Arsenal can move within touching distance of the Premier League title on Monday night, while Manchester City and Aston Villa also head into a crowded final stretch with everything still on the line in super 6.
Arsenal host Burnley at Emirates Stadium knowing a win would leave them one step from the championship. Manchester City, two points behind, beat Crystal Palace 3-0 on Wednesday and must then go to AFC Bournemouth on Tuesday night if Arsenal collect three points. Anything less than a City win on Tuesday and Arsenal would be champions with a game to spare.

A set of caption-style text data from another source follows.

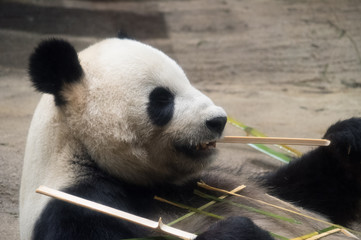 竹を食べるパンダ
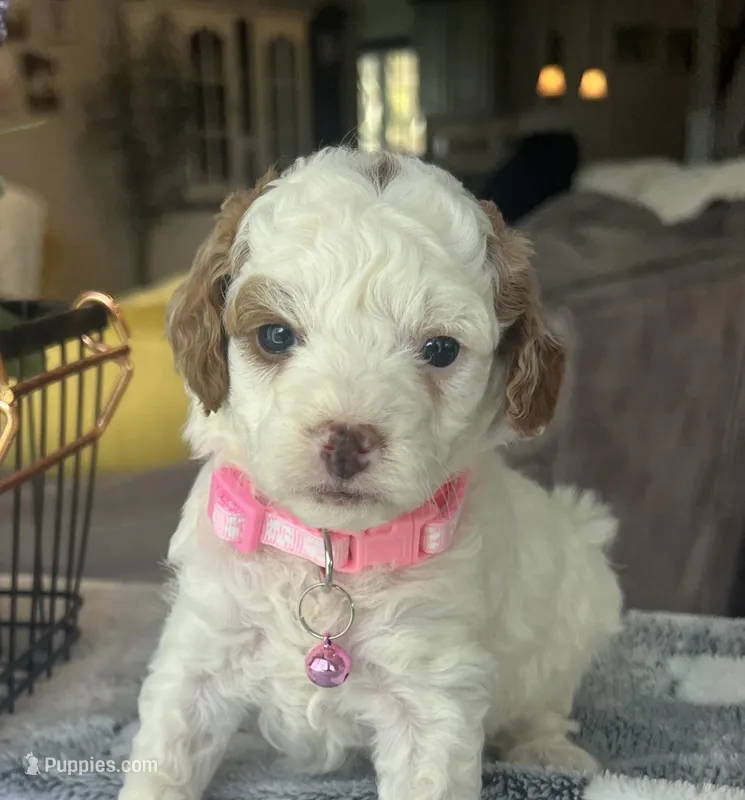 Maizy - Mini – Miniature Goldendoodle puppy for sale in Warsaw, NY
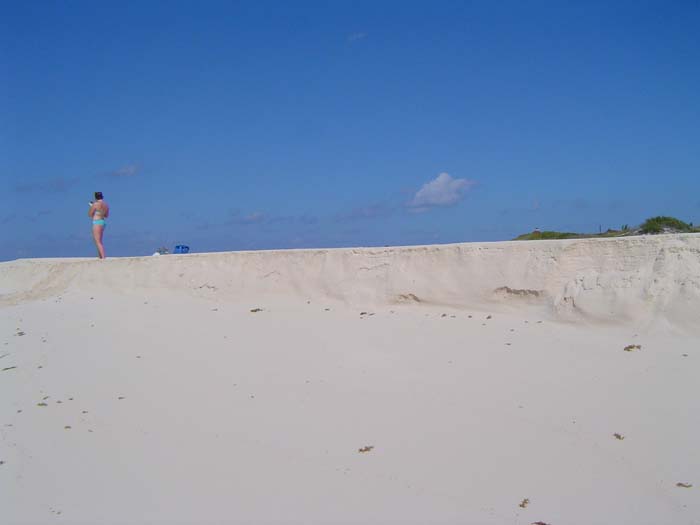 as_sansal04-082
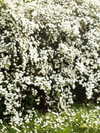 rosessativa Altpins Profile Picture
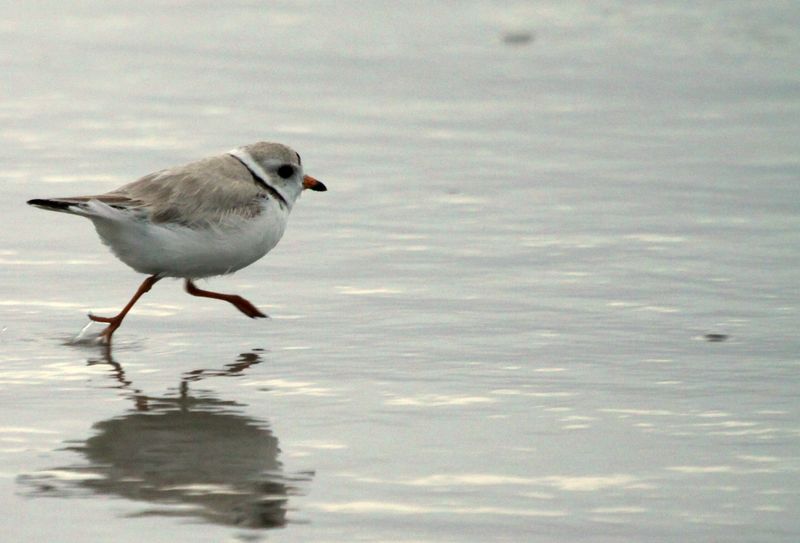 Photo: auburnxc/Bear Golden Retriever. Creative Commons Attribution 2.0 Generic.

The run-in is already starting to sort itself out. Aston Villa beat Liverpool 4-2 on Friday to lock up a Champions League place and can no longer finish lower than fifth. They are seven points clear of sixth-placed Bournemouth with six left to play for, which means the only remaining question for Villa is whether they can climb higher before the season ends.
For Liverpool, there is still a narrow path back into Europe’s top competition. Bournemouth would have to lose to City on Tuesday and Brighton & Hove Albion would have to fail to win at Leeds United on Sunday for Liverpool to stay in the mix. Villa, meanwhile, still have another route available: if they beat Freiburg in the UEFA Europa League final on Wednesday 20 May and finish fifth in the league, the sixth-placed team would take the final Champions League place.

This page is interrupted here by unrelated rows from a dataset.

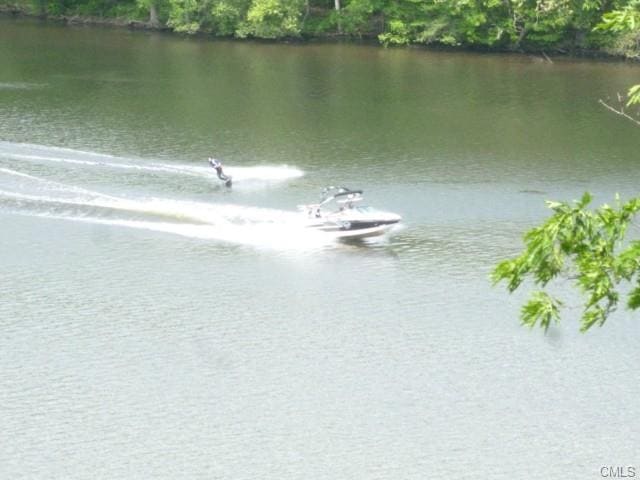 115 Forest Dr, Sandy Hook, CT 06482 - photo 1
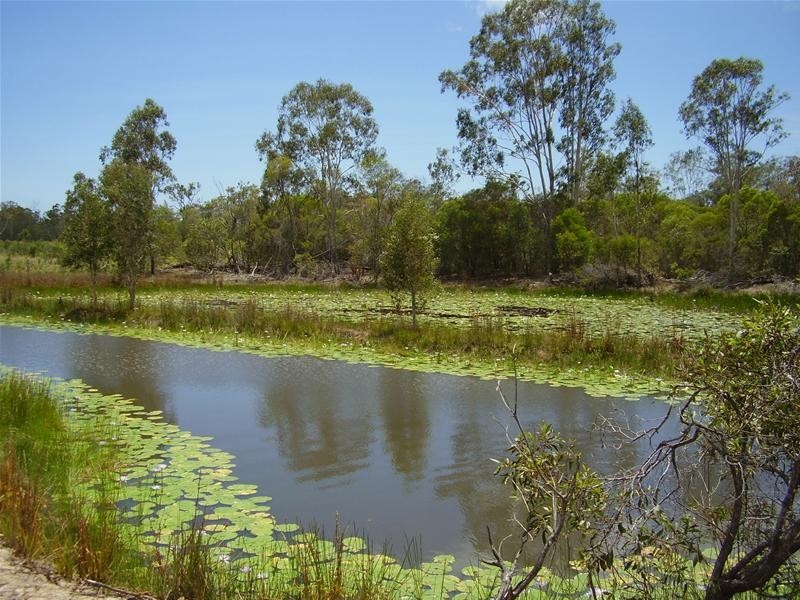32 Newtons Road, Rosedale QLD 4674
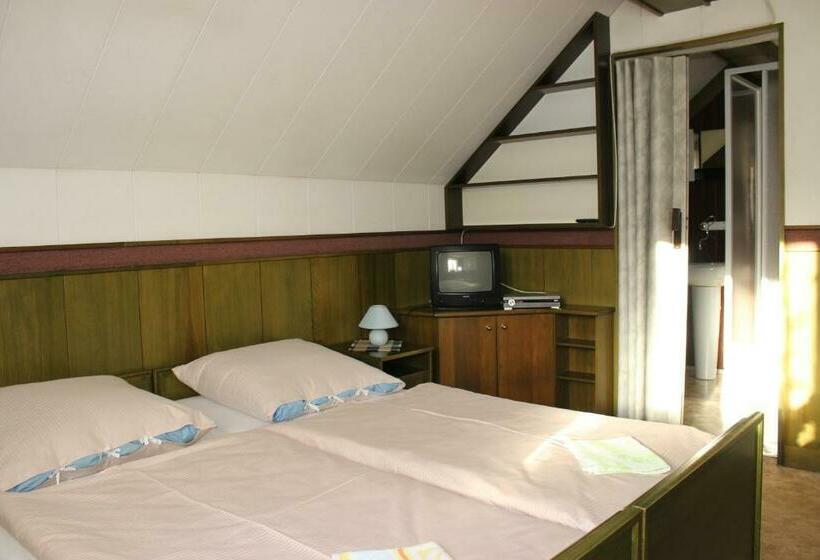 غرفة قياسية ثلاثية, Penzion U Zemánků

Bournemouth are sixth and unbeaten in 16 Premier League matches, a run that has kept them alive in a race they have never been in before at this stage. They can secure a top-eight finish by avoiding defeat at home to City, and if Brighton do not win at Leeds on Sunday, a Bournemouth victory would also secure a top-seven finish. That matters because after City’s FA Cup win over Chelsea, the top eight clubs are set to qualify for Europe at least through the UEFA Conference League.
There is still room for movement further down the European chase. Brighton can lock up a top-eight finish by winning at Leeds on Sunday. Brentford can do the same by beating Crystal Palace at home and bettering the results of Everton and Chelsea, with Everton hosting Sunderland on Sunday and Chelsea facing Tottenham Hotspur on Tuesday night.

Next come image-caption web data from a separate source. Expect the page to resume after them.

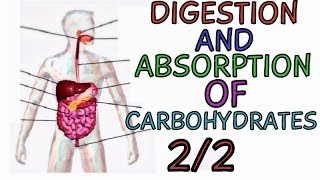 Digestion and Absorption of Carbohydrates PART 22 [upl. by Katzen]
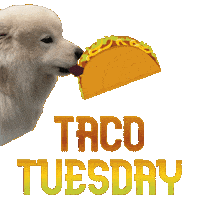 Taco Tuesday Sticker by waggingtailspr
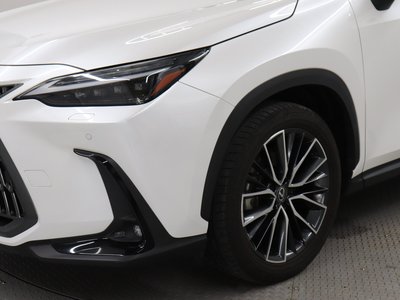 2023 Lexus NX — миниатюра 20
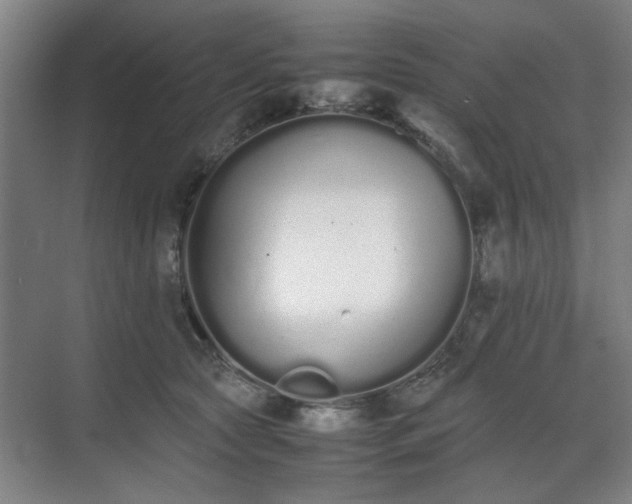 X0000070380561200606161347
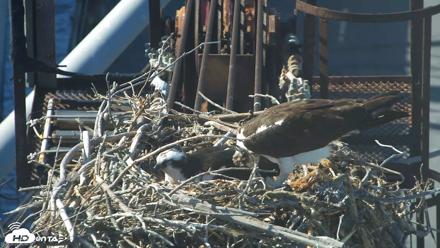 San Francisco Bay Osprey Nest Live Webcam - May 23, 2026, 5:01pm PDT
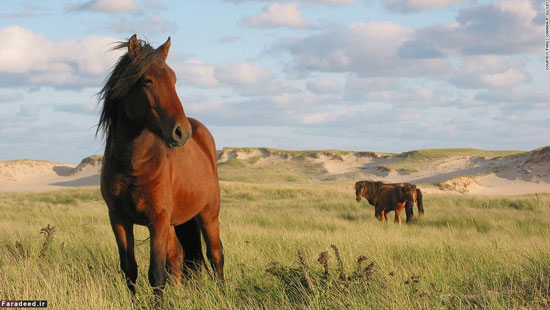 10 ذخیره‌گاه طبیعی در جهان (+عکس)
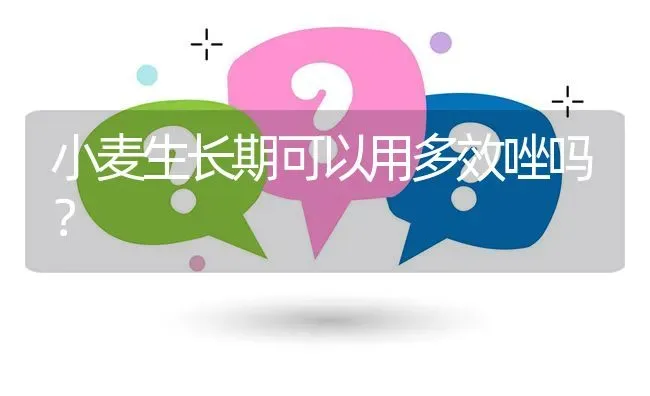 小麦生长期可以用多效唑吗? | 养殖问题解答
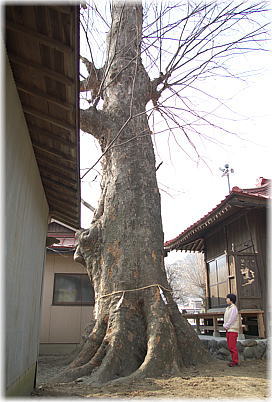 画像:武野上神社のケヤキ(幹と並ぶ)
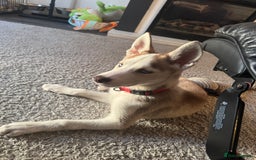 Siberian Husky dogs for sale: Loki  - Image 2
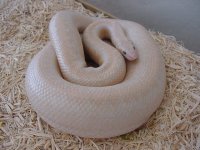 Gravid snow 4.JPG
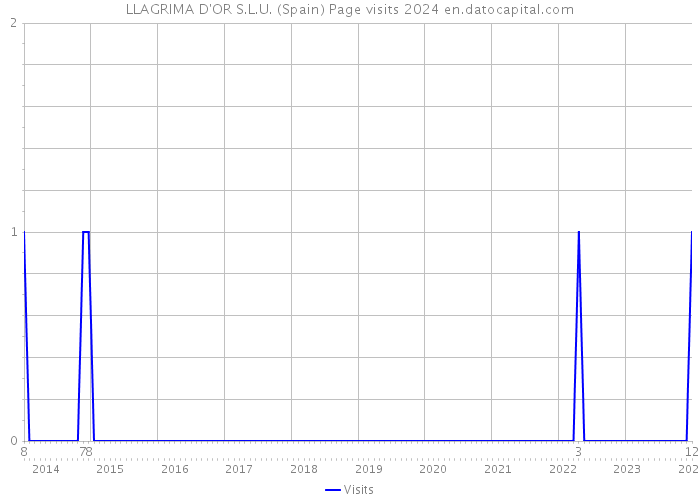 LLAGRIMA D'OR S.L.U. (Spain) Page visits 2024 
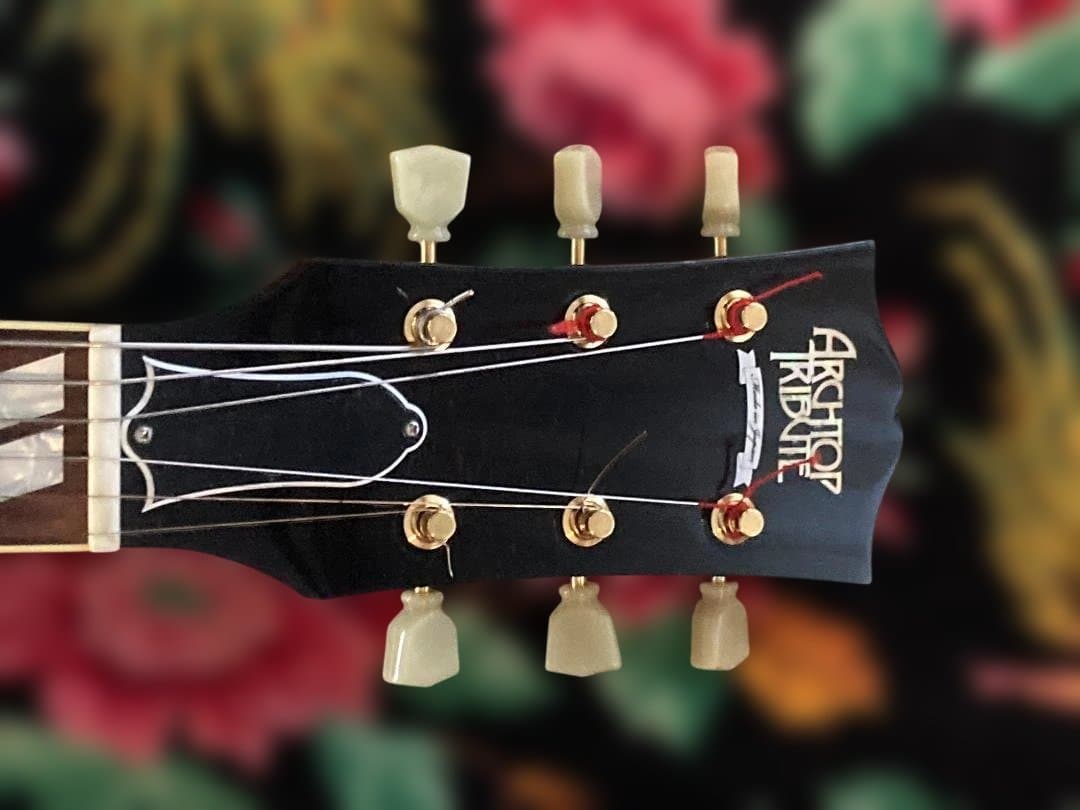 ギター Archtop Tribute AT-102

That leaves the final week of Matchweek 37 feeling less like a round of fixtures than a chain reaction. Arsenal can end the title race before the weekend is over. City can drag it to the last day if they handle Bournemouth. Villa can finish the season with two trophies’ worth of meaning if they win in Europe and hold their place in the league. And Bournemouth, after 22 years, are still trying to turn a remarkable late-season surge into a first-ever place among the Premier League’s elite.
The equation is simple, even if the calendar is not. Monday could settle the title, Tuesday could reopen it, and Wednesday 20 May could reshape the European places again.